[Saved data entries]
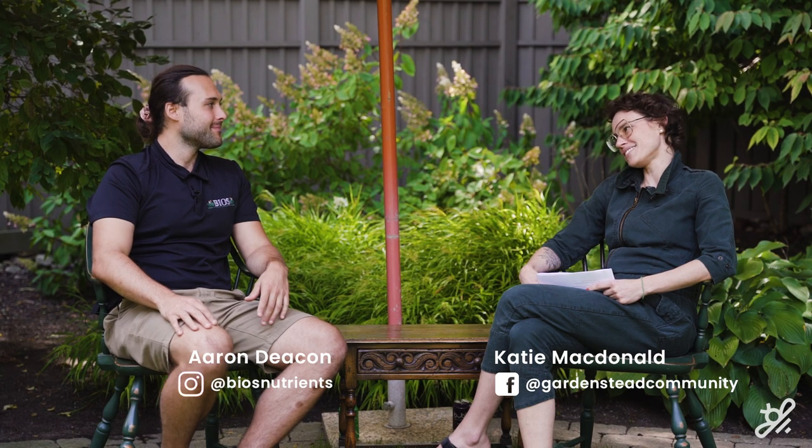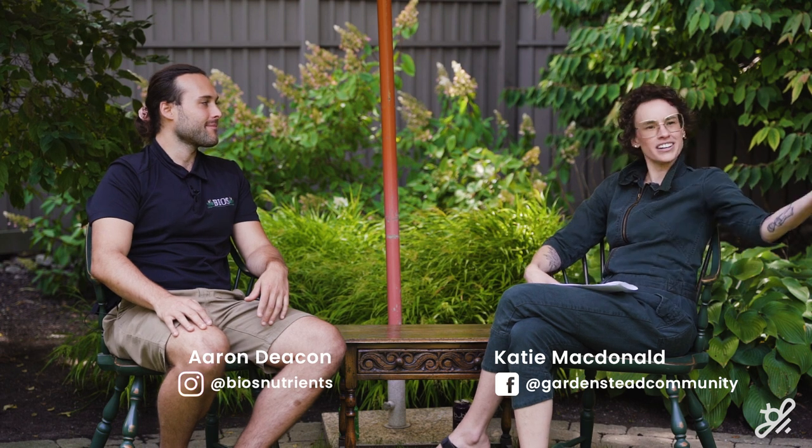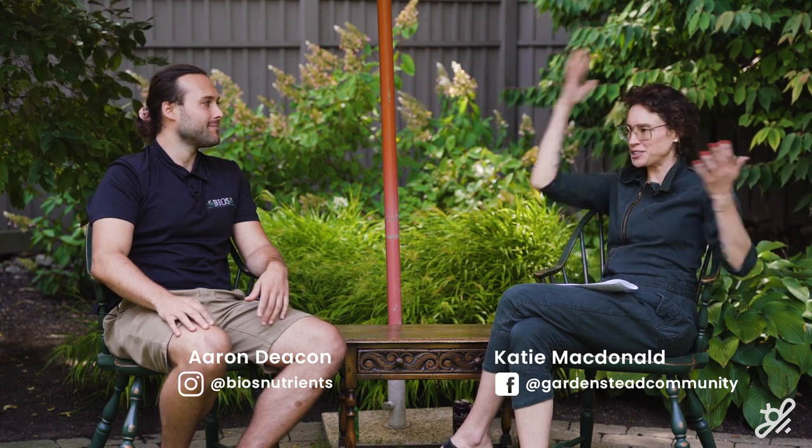Aaron Deacon is here. We're back to asking you about pests. We kind of started asking about pests and we're concluding the series with more pest problems.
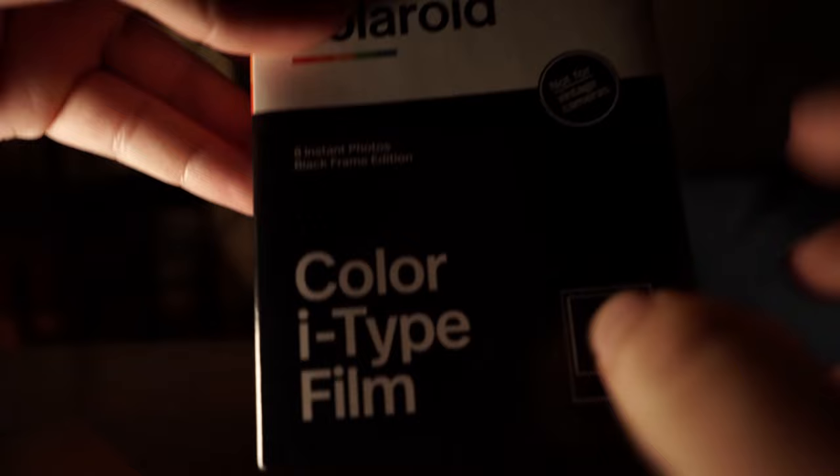I use the specialty packs more for portraits and they look pretty nice. My favorite so far has been the black frame film — mainly because I'm a nighttime photographer, and shooting at night with the black frame looks ten times better. It does cost a dollar or two more though.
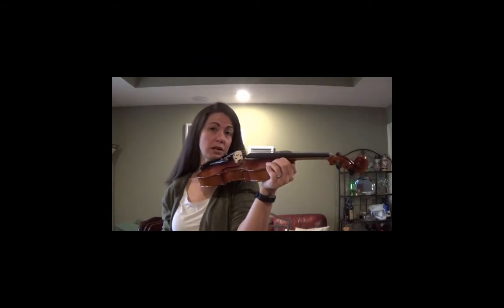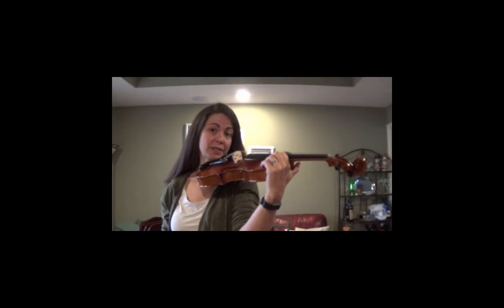Maybe a little bit of a tilt. Hold it by the upper bout. Is this correct?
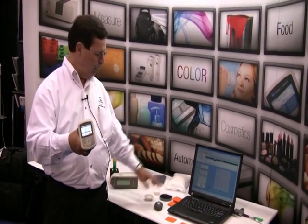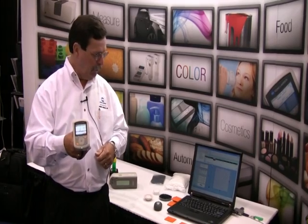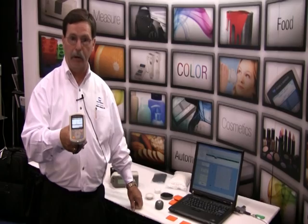Some of the different kinds of applications we can measure: flat samples, curved samples, powders, and pellets with the instrument. The instrument is very durable. It gives you portability as well as excellent inter-instrument agreement and great reproducibility.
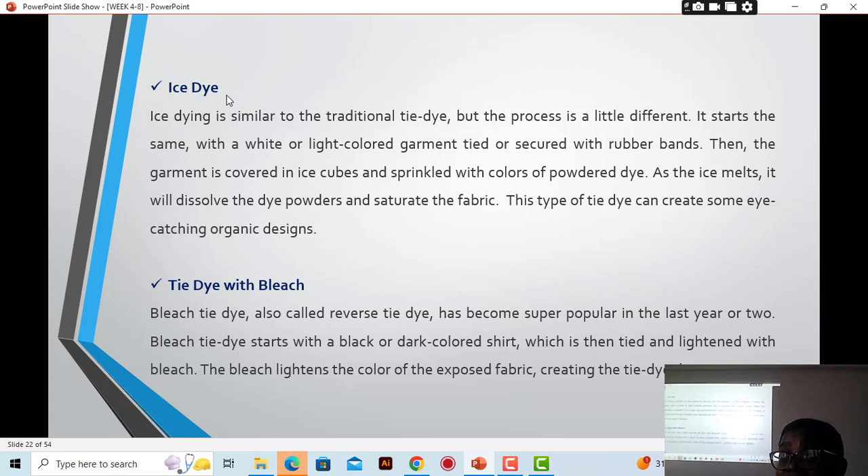Then you sprinkle your powdered dye on the ice. You have to wait for the ice to melt completely — as the ice melts, it gives your work the pattern you are looking for. Ice dye is similar to traditional tie-dye but the process is a little different. It starts with a white or light-colored garment or fabric tied or secured with rubber bands, then covered in ice cubes and sprinkled with powdered dye. As the ice melts, it dissolves the dye and saturates the fabric, creating eye-catching organic designs.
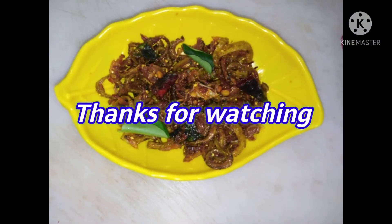Please like, share, and comment. Please subscribe to our channel. Thank you for watching.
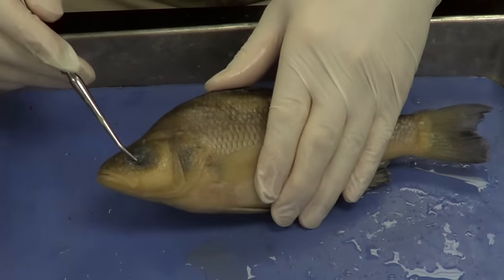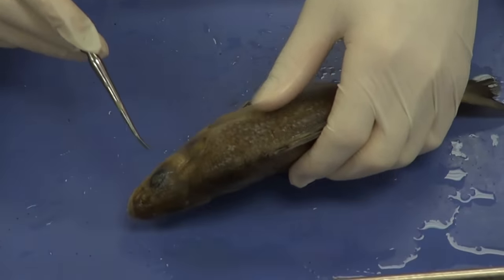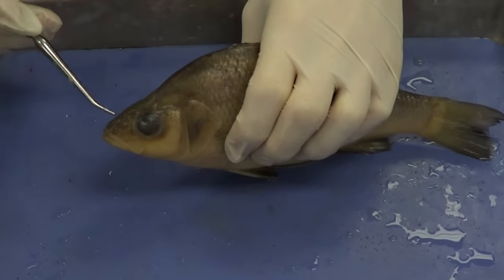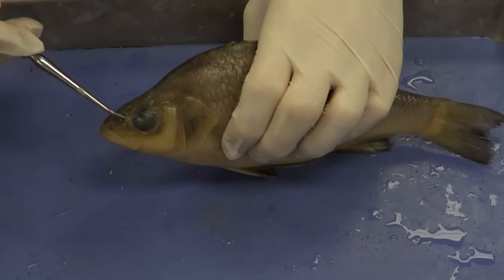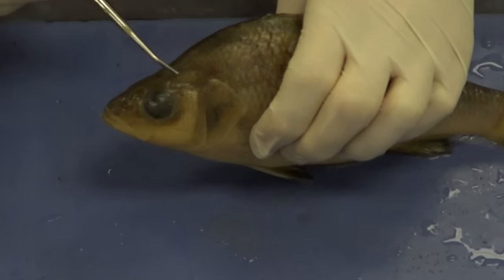You can easily see both eyes — here's one eye and we've got another on the other side. Between the eyes and just a little anterior, we have two openings here. These are the nostrils that allow the fish to actually smell.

Problem to solve:
Please copy every entry exactly, without the pictures.

Answer to this problem:
Aaron Deacon is here. We're back to asking you about pests. We kind of started asking about pests and we're concluding the series with more pest problems.
I use the specialty packs more for portraits and they look pretty nice. My favorite so far has been the black frame film — mainly because I'm a nighttime photographer, and shooting at night with the black frame looks ten times better. It does cost a dollar or two more though.
Maybe a little bit of a tilt. Hold it by the upper bout. Is this correct?
Some of the different kinds of applications we can measure: flat samples, curved samples, powders, and pellets with the instrument. The instrument is very durable. It gives you portability as well as excellent inter-instrument agreement and great reproducibility.
Then you sprinkle your powdered dye on the ice. You have to wait for the ice to melt completely — as the ice melts, it gives your work the pattern you are looking for. Ice dye is similar to traditional tie-dye but the process is a little different. It starts with a white or light-colored garment or fabric tied or secured with rubber bands, then covered in ice cubes and sprinkled with powdered dye. As the ice melts, it dissolves the dye and saturates the fabric, creating eye-catching organic designs.
Please like, share, and comment. Please subscribe to our channel. Thank you for watching.
You can easily see both eyes — here's one eye and we've got another on the other side. Between the eyes and just a little anterior, we have two openings here. These are the nostrils that allow the fish to actually smell.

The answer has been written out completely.